Pengakuan tentang sekolah berbasis budaya ini langsung diberikan oleh Gusti Kanjeng Ratu Hemas yang hadir langsung pada upacara.
Mewakili GKR Hemas, Kepala Disdikpora DIY Didik Wardaya menilai apa yang dilakukan SMAN I Jetis dengan nilai-nilai kebudayaan Jawa ini sudah betul. Ia melihat ada tiga konteks yang mendukung itu.
"Pertama, nilai-nilai kebudayaan Jawa diterapkan sangat baik di lingkungan sekolah. Anak-anak mampu memahami nilai tersebut maupun artefak dalam kebudayaan Jawa," ujarnya.
Kedua, para guru berhasil memberikan contoh bagaimana seharusnya menerapkan kebudayaan Jawa semestinya.
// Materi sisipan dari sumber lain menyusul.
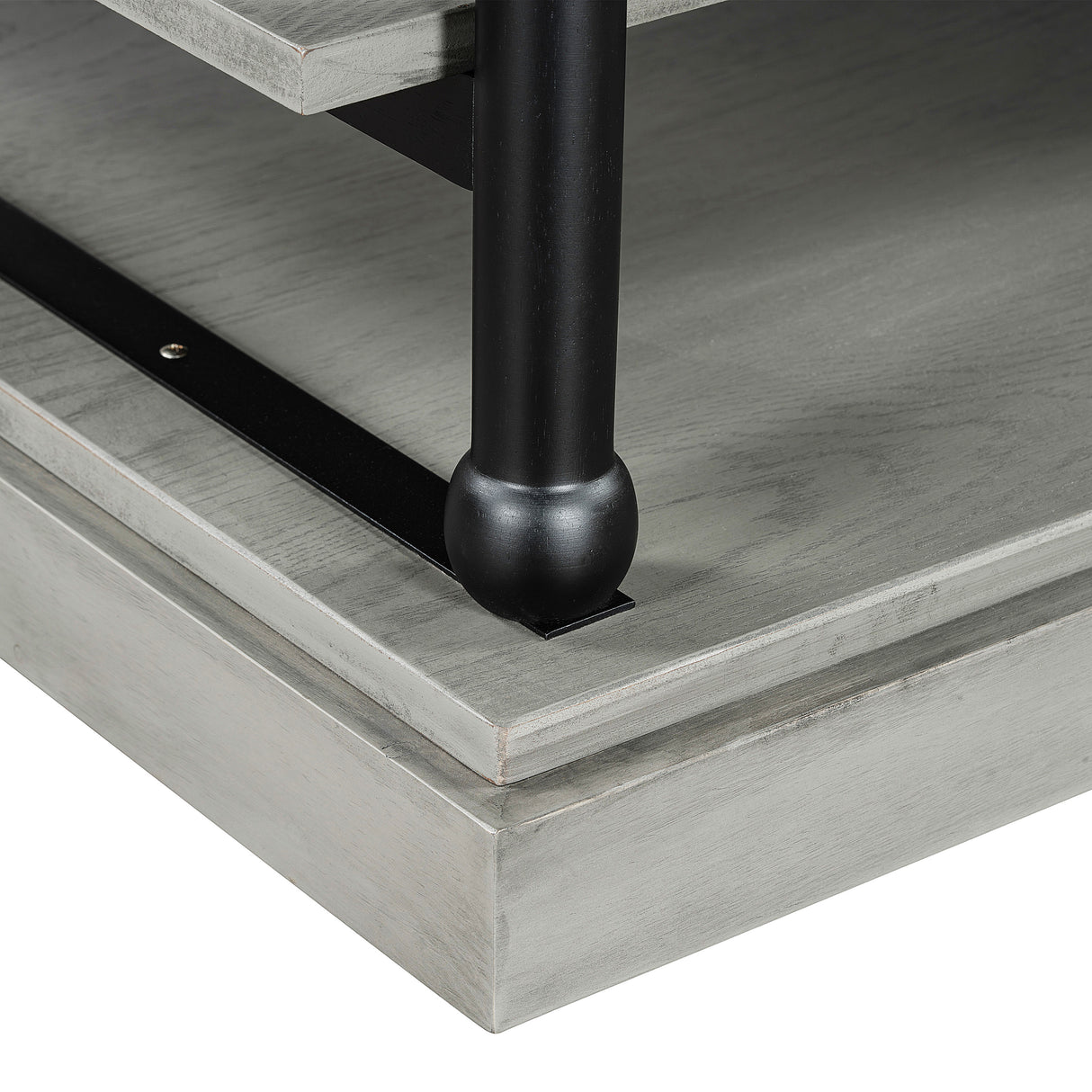 55.1" Wood Coffee Table with Storage Shelves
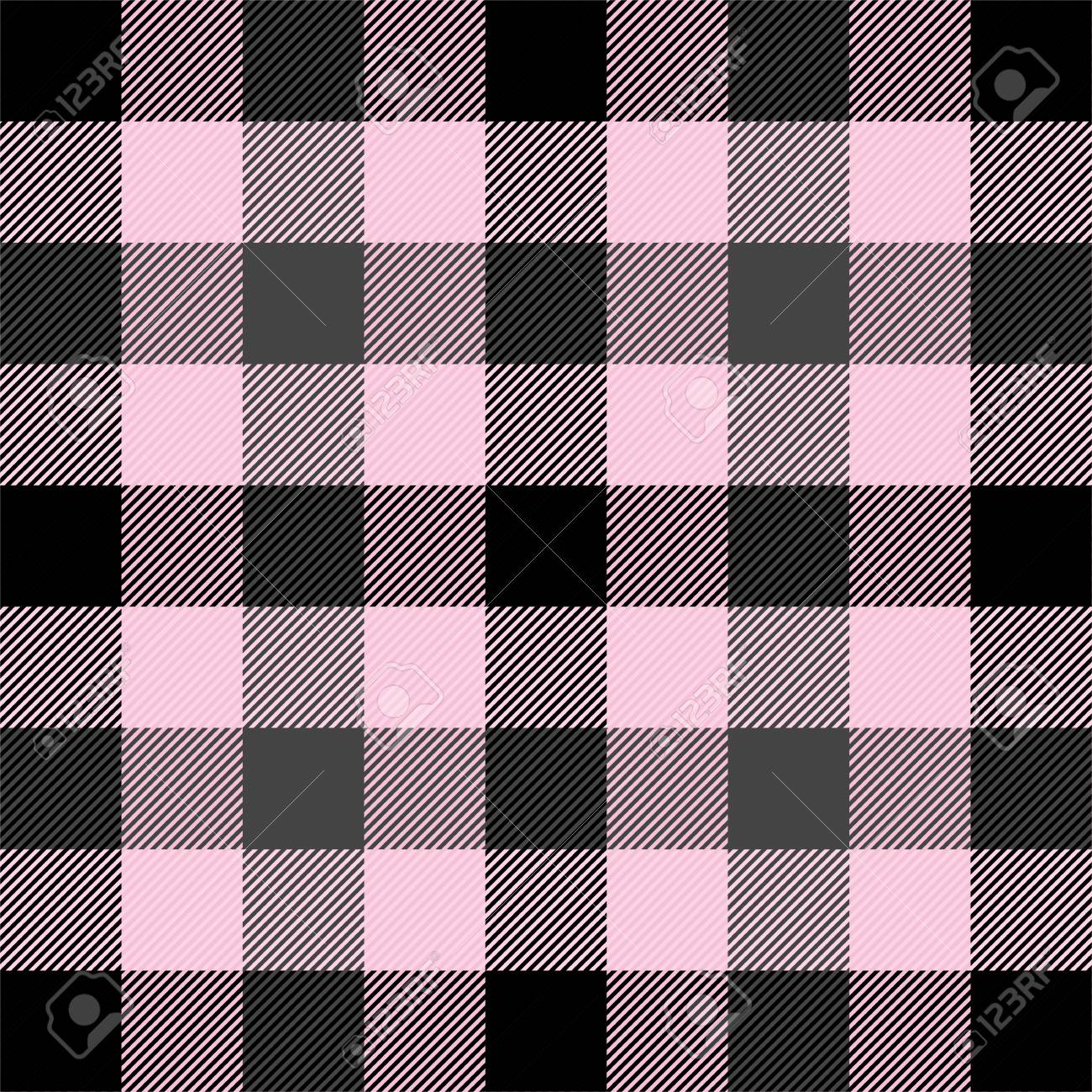 black and pink checkered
Ketiga lingkungan sekolah yang asri, sejuk, teduh dan asri mencerminkan budaya DIY yang sesungguhnya.
"Harapan kita seluruh sekolah di DIY mengembangkan pendidikan berbasis budaya. Kehadiran GKR Hemas menjadi momen yang pas untuk merespon apa yang sudah dilakukan sekolah dan ini menjadi lecutan bagi kita semua," ungkap Didik.